As a side note, java applications are known to be slow. I never tried to do profiling in java but I guess the performance hit comes mostly from memory allocation management.
Related
In the following piece of code we make a call listType.getDescription() twice:
for (ListType listType: this.listTypeManager.getSelectableListTypes())
{
if (listType.getDescription() != null)
{
children.add(new SelectItem( listType.getId() , listType.getDescription()));
}
}
I would tend to refactor the code to use a single variable:
for (ListType listType: this.listTypeManager.getSelectableListTypes())
{
String description = listType.getDescription();
if (description != null)
{
children.add(new SelectItem(listType.getId() ,description));
}
}
My understanding is the JVM is somehow optimized for the original code and especially nesting calls like children.add(new SelectItem(listType.getId(), listType.getDescription()));.
Comparing the two options, which one is the preferred method and why? That is in terms of memory footprint, performance, readability/ease, and others that don't come to my mind right now.
When does the latter code snippet become more advantageous over the former, that is, is there any (approximate) number of listType.getDescription() calls when using a temp local variable becomes more desirable, as listType.getDescription() always requires some stack operations to store the this object?
I'd nearly always prefer the local variable solution.
Memory footprint
A single local variable costs 4 or 8 bytes. It's a reference and there's no recursion, so let's ignore it.
Performance
If this is a simple getter, the JVM can memoize it itself, so there's no difference. If it's a expensive call which can't be optimized, memoizing manually makes it faster.
Readability
Follow the DRY principle. In your case it hardly matters as the local variable name is character-wise as about as long as the method call, but for anything more complicated, it's readability as you don't have to find the 10 differences between the two expressions. If you know they're the same, so make it clear using the local variable.
Correctness
Imagine your SelectItem does not accept nulls and your program is multithreaded. The value of listType.getDescription() can change in the meantime and you're toasted.
Debugging
Having a local variable containing an interesting value is an advantage.

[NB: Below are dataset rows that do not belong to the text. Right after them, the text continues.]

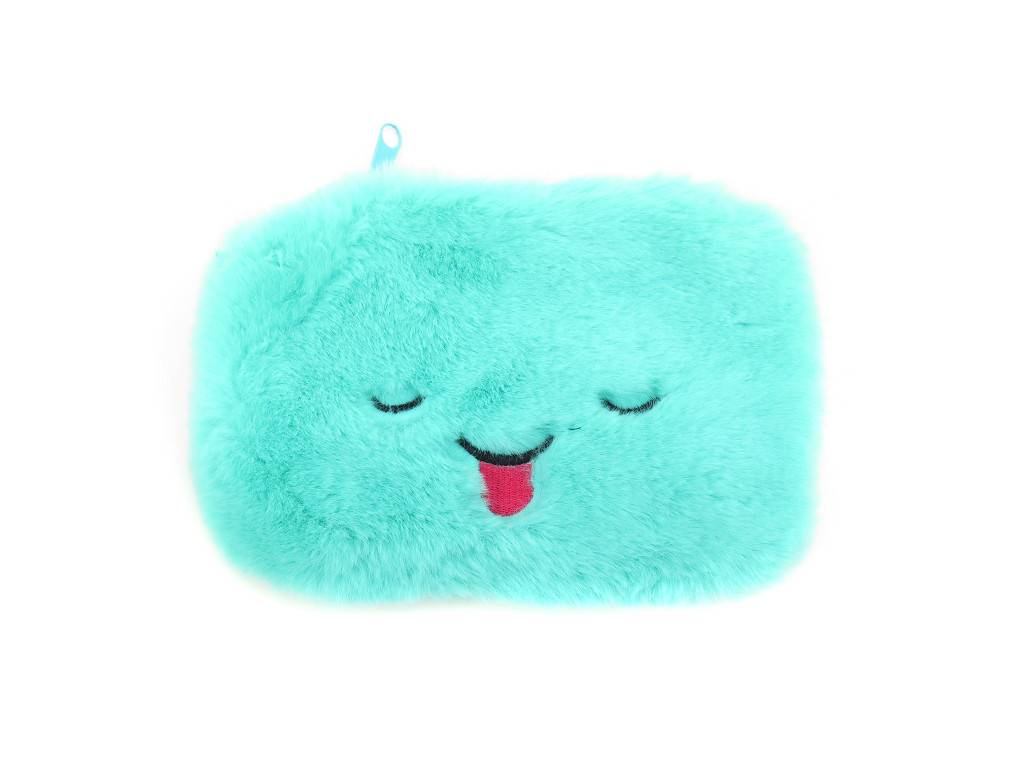 Small Fur Coin Bag (cyan Color)
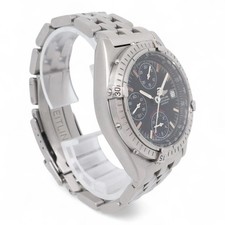 Breitling Chronomat 40mm Steel Automatic Black Dial Watch a13050 3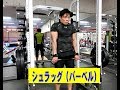シュラッグ（バーベル）【糸井トレーナー】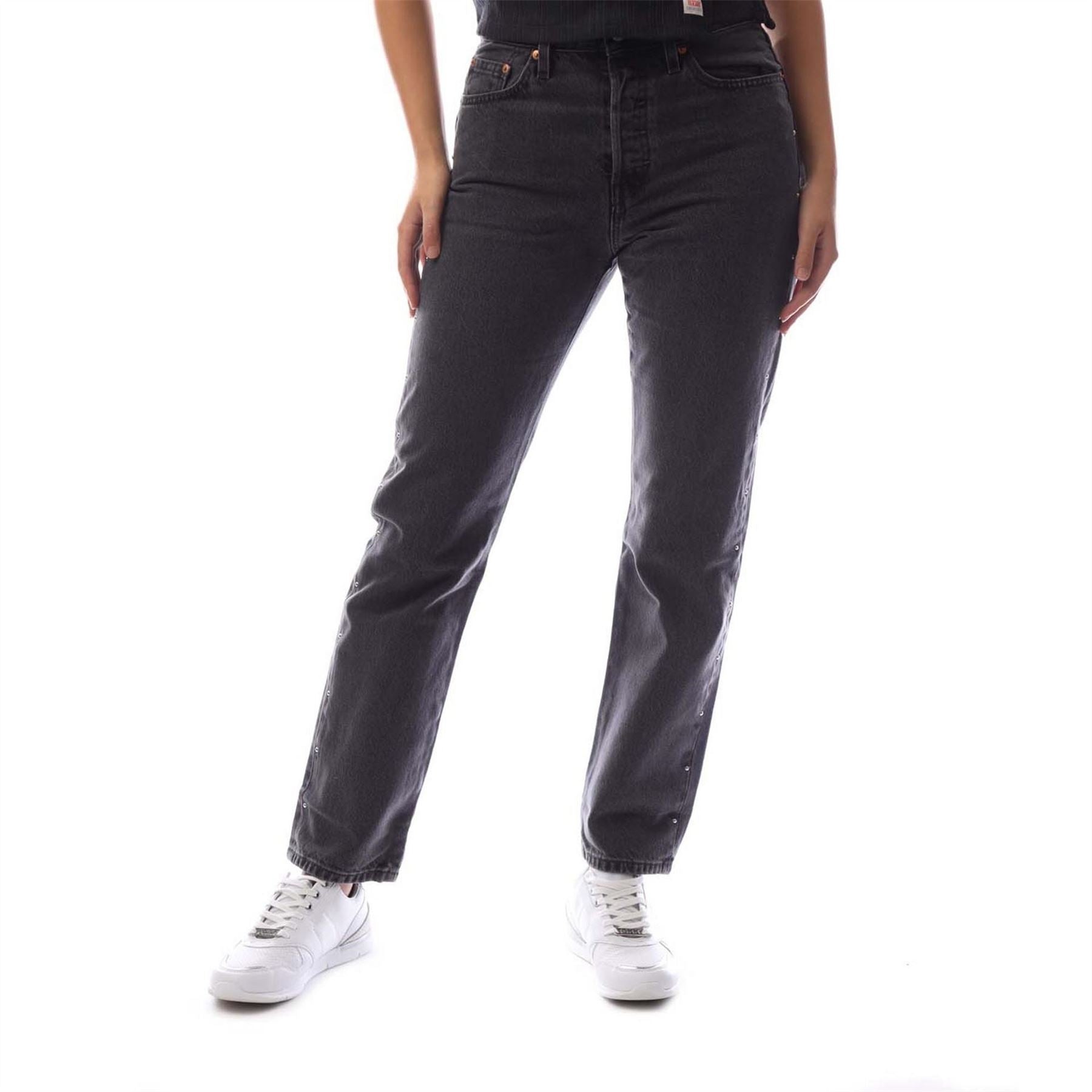 Levis 501 Five Pocket Straight Leg Jeans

The only thing to win by omitting the local variable is saving one line. So I'd do it only in cases when it really doesn't matter:
very short expression
no possible concurrent modification
simple private final getter
I think the way number two is definitely better because it improves readability and maintainability of your code which is the most important thing here. This kind of micro-optimization won't really help you in anything unless you writing an application where every millisecond is important.
I'm not sure either is preferred. What I would prefer is clearly readable code over performant code, especially when that performance gain is negligible. In this case I suspect there's next to no noticeable difference (especially given the JVM's optimisations and code-rewriting capabilities)
In the context of imperative languages, the value returned by a function call cannot be memoized (See http://en.m.wikipedia.org/wiki/Memoization) because there is no guarantee that the function has no side effect. Accordingly, your strategy does indeed avoid a function call at the expense of allocating a temporary variable to store a reference to the value returned by the function call.
In addition to being slightly more efficient (which does not really matter unless the function is called many times in a loop), I would opt for your style due to better code readability.
I agree on everything. About the readability I'd like to add something:
I see lots of programmers doing things like:
if (item.getFirst().getSecond().getThird().getForth() == 1 ||
item.getFirst().getSecond().getThird().getForth() == 2 ||
item.getFirst().getSecond().getThird().getForth() == 3)
Or even worse:
item.getFirst().getSecond().getThird().setForth(item2.getFirst().getSecond().getThird().getForth())
If you are calling the same chain of 10 getters several times, please, use an intermediate variable. It's just much easier to read and debug
I would agree with the local variable approach for readability only if the local variable's name is self-documenting. Calling it "description" wouldn't be enough (which description?). Calling it "selectableListTypeDescription" would make it clear. I would throw in that the incremented variable in the for loop should be named "selectableListType" (especially if the "listTypeManager" has accessors for other ListTypes).
The other reason would be if there's no guarantee this is single-threaded or your list is immutable.
While I was thinking over the memory usage of various types, I started to become a bit confused of how Java utilizes memory for integers when passed to a method.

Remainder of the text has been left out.